# PROBLEM REQUIREMENTS
Once the pictures are set aside, retype the remaining entries exactly.

....

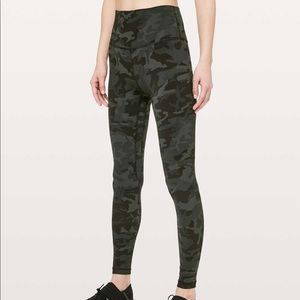 lululemon align green camo 21 inch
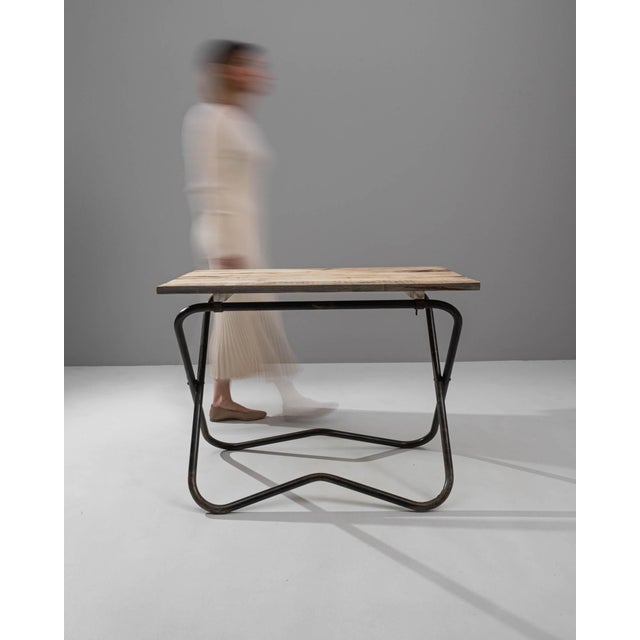 Early 20th Century 20th Century French Metal Side Table with Wooden Top For Sale - Image 5 of 18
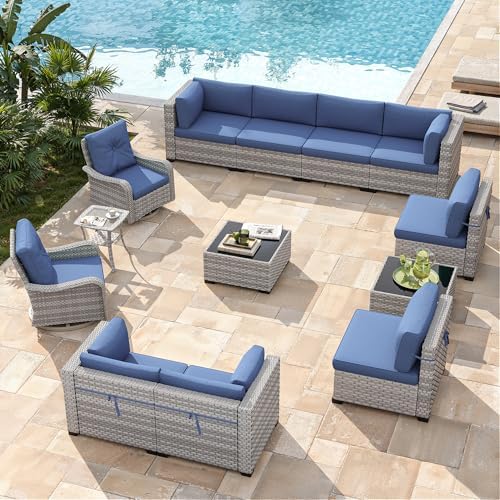 10-Seat Modern Patio Furniture Set with Swivel Rocking Chairs, Thick 4″ Cushions, Dual-Strand Wicker Rattan, Rust-Resistant Steel Frame – Outdoor Conversation & Modular Sectional,Navy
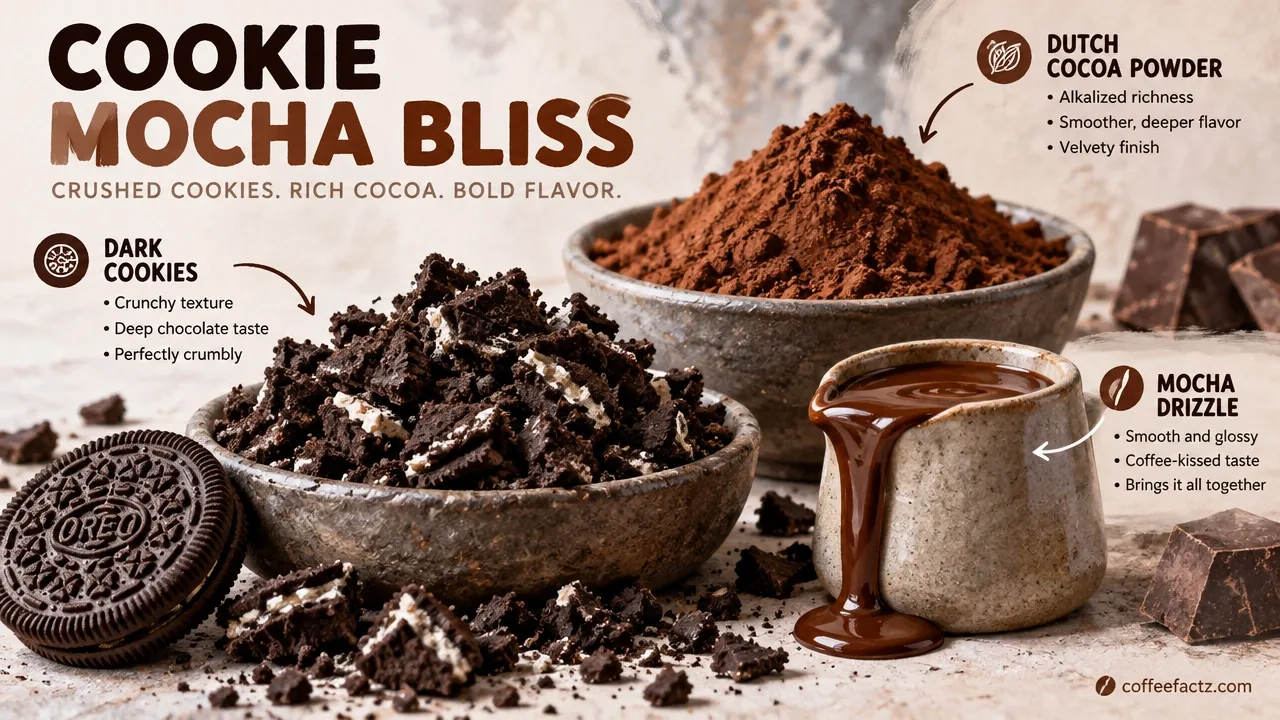 Macro view of crushed dark chocolate sandwich cookies, alkalized Dutch cocoa powder, and glossy mocha drizzle with texture.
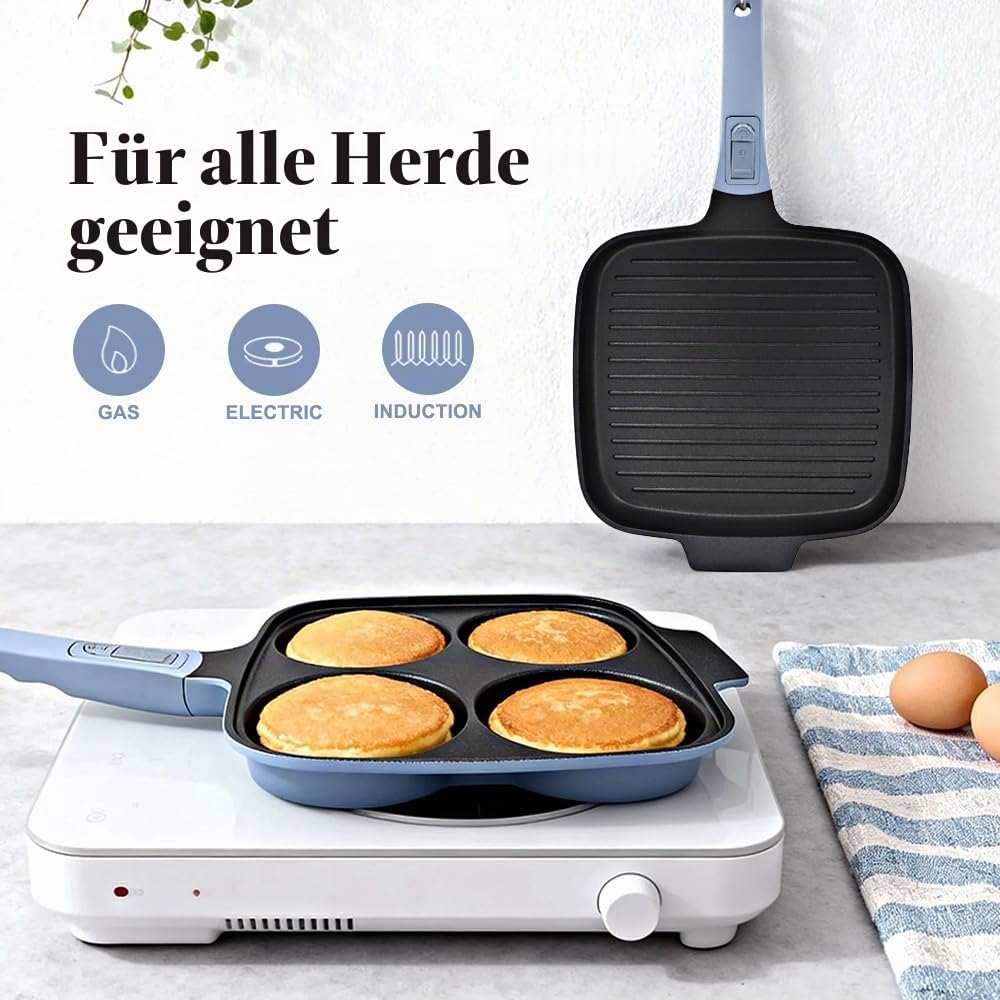 2-Teiliges Pfannenset mit Eierpfanne und Grillpfanne, Blau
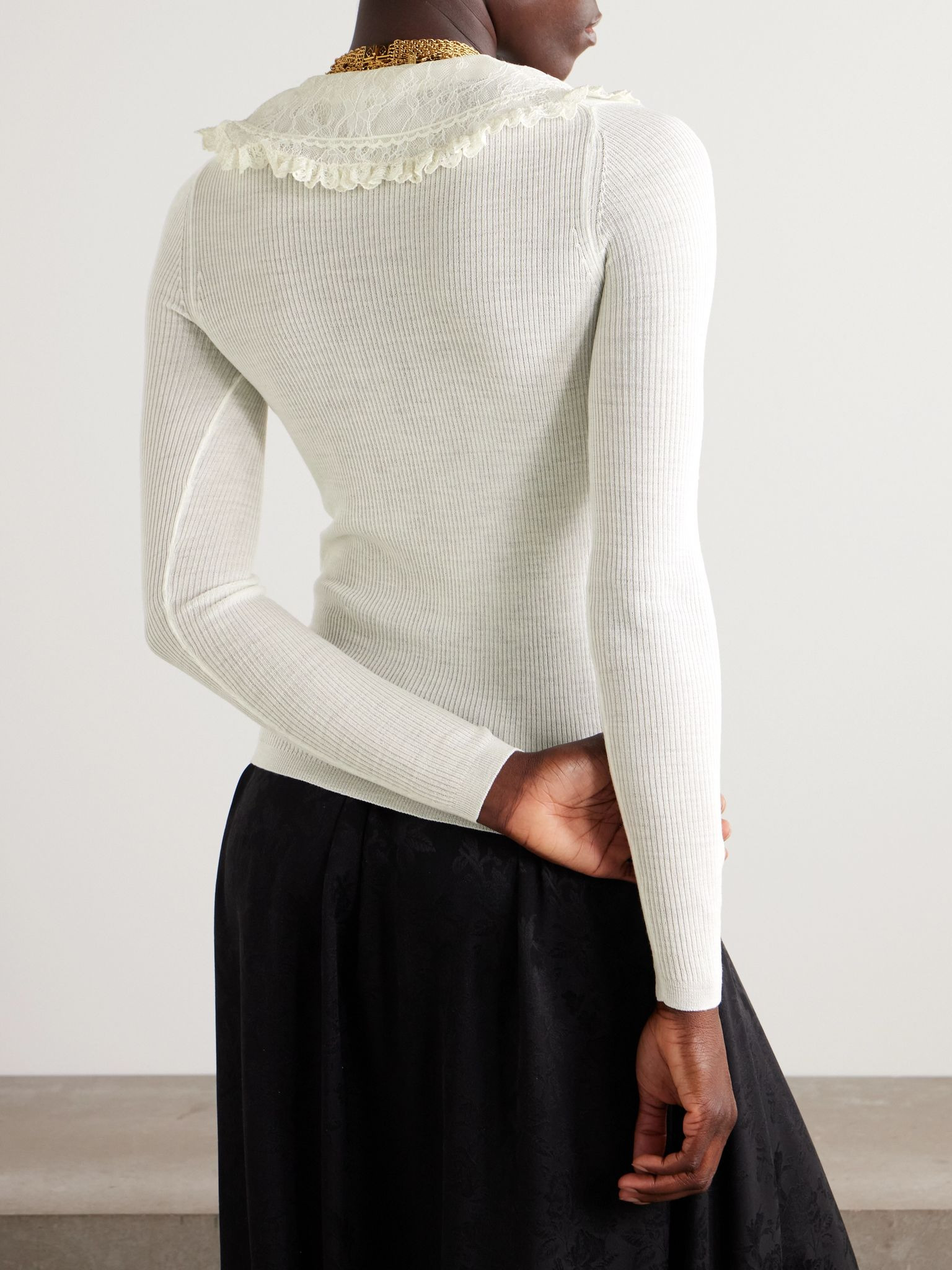 Lace-trimmed ribbed wool polo shirt White - 4
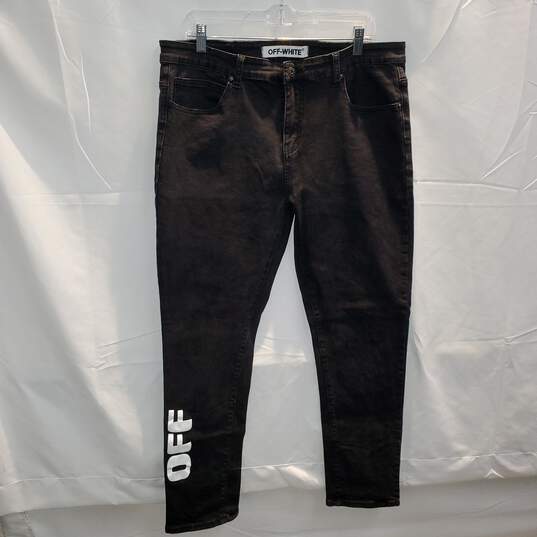 Off-White Cotton Black Jeans Size 38 image number 1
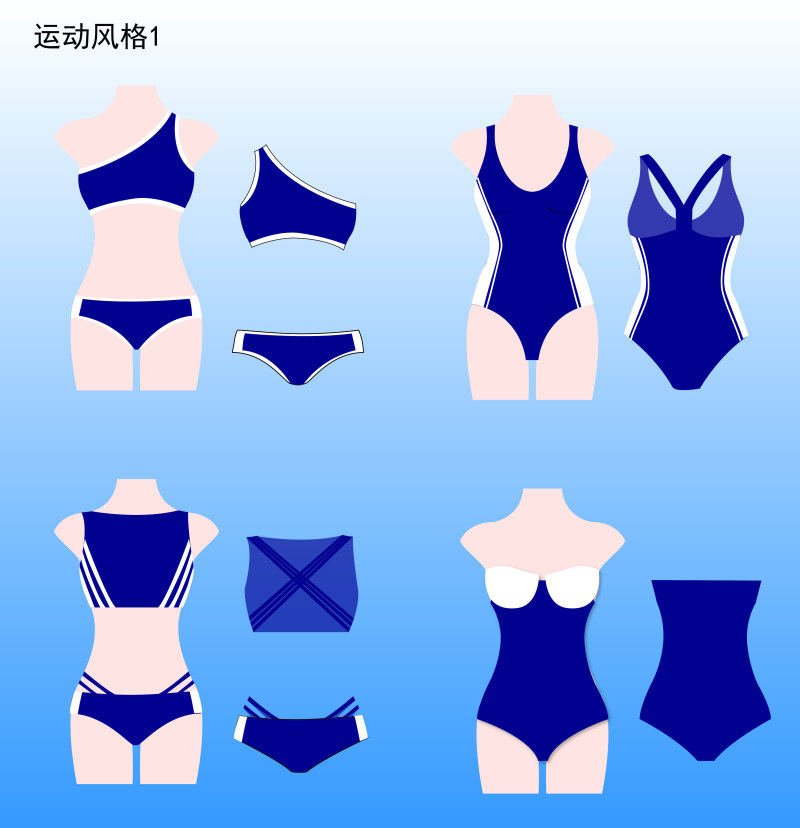 泳装服饰设计款式效果图矢量图ai代画样衣平面图绘制工艺制作单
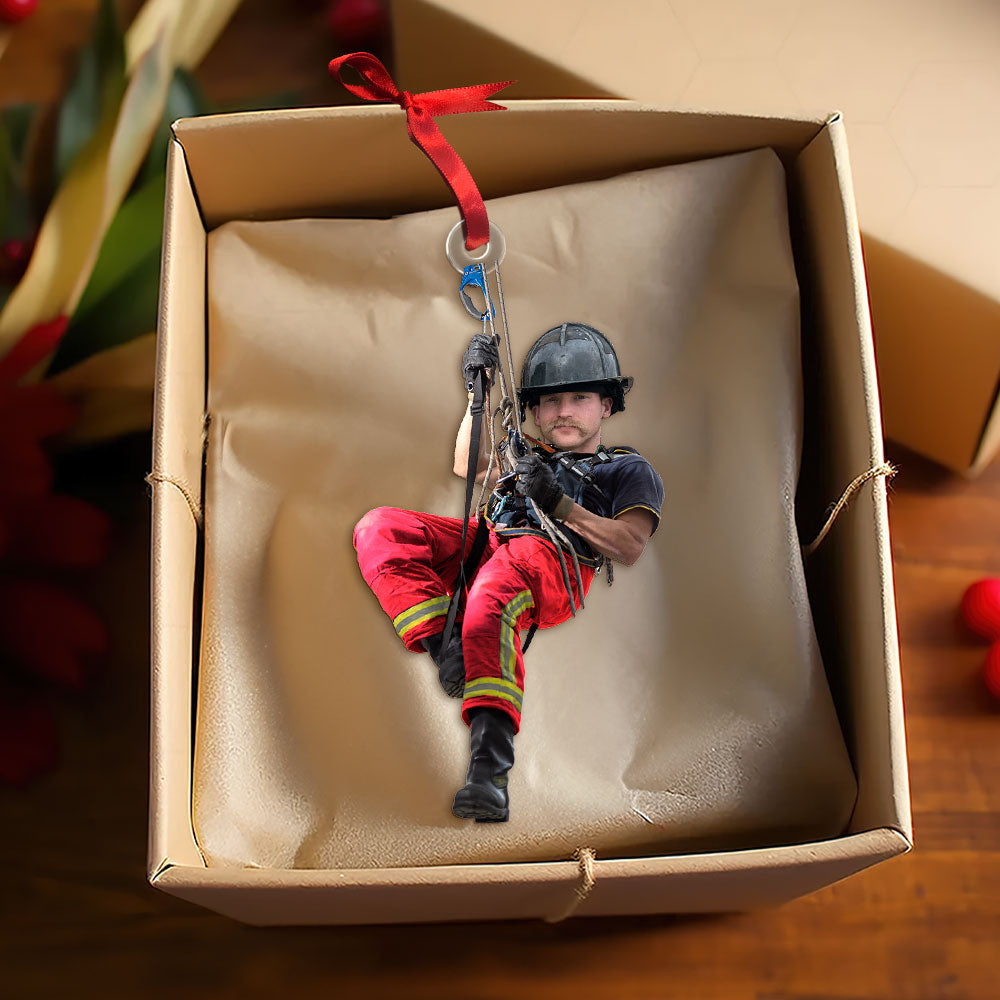 Personalized Firefighter Ornament - Custom Photo Keepsake Ornament PopCulturePrints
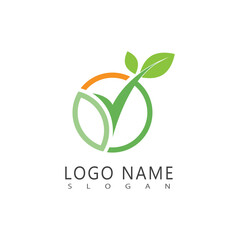 Leaf mint logo vector template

....

# FINAL ANSWER
 lululemon align green camo 21 inch
 Early 20th Century 20th Century French Metal Side Table with Wooden Top For Sale - Image 5 of 18
 10-Seat Modern Patio Furniture Set with Swivel Rocking Chairs, Thick 4″ Cushions, Dual-Strand Wicker Rattan, Rust-Resistant Steel Frame – Outdoor Conversation & Modular Sectional,Navy
 Macro view of crushed dark chocolate sandwich cookies, alkalized Dutch cocoa powder, and glossy mocha drizzle with texture.
 2-Teiliges Pfannenset mit Eierpfanne und Grillpfanne, Blau
 Lace-trimmed ribbed wool polo shirt White - 4
 Off-White Cotton Black Jeans Size 38 image number 1
 泳装服饰设计款式效果图矢量图ai代画样衣平面图绘制工艺制作单
 Personalized Firefighter Ornament - Custom Photo Keepsake Ornament PopCulturePrints
 Leaf mint logo vector template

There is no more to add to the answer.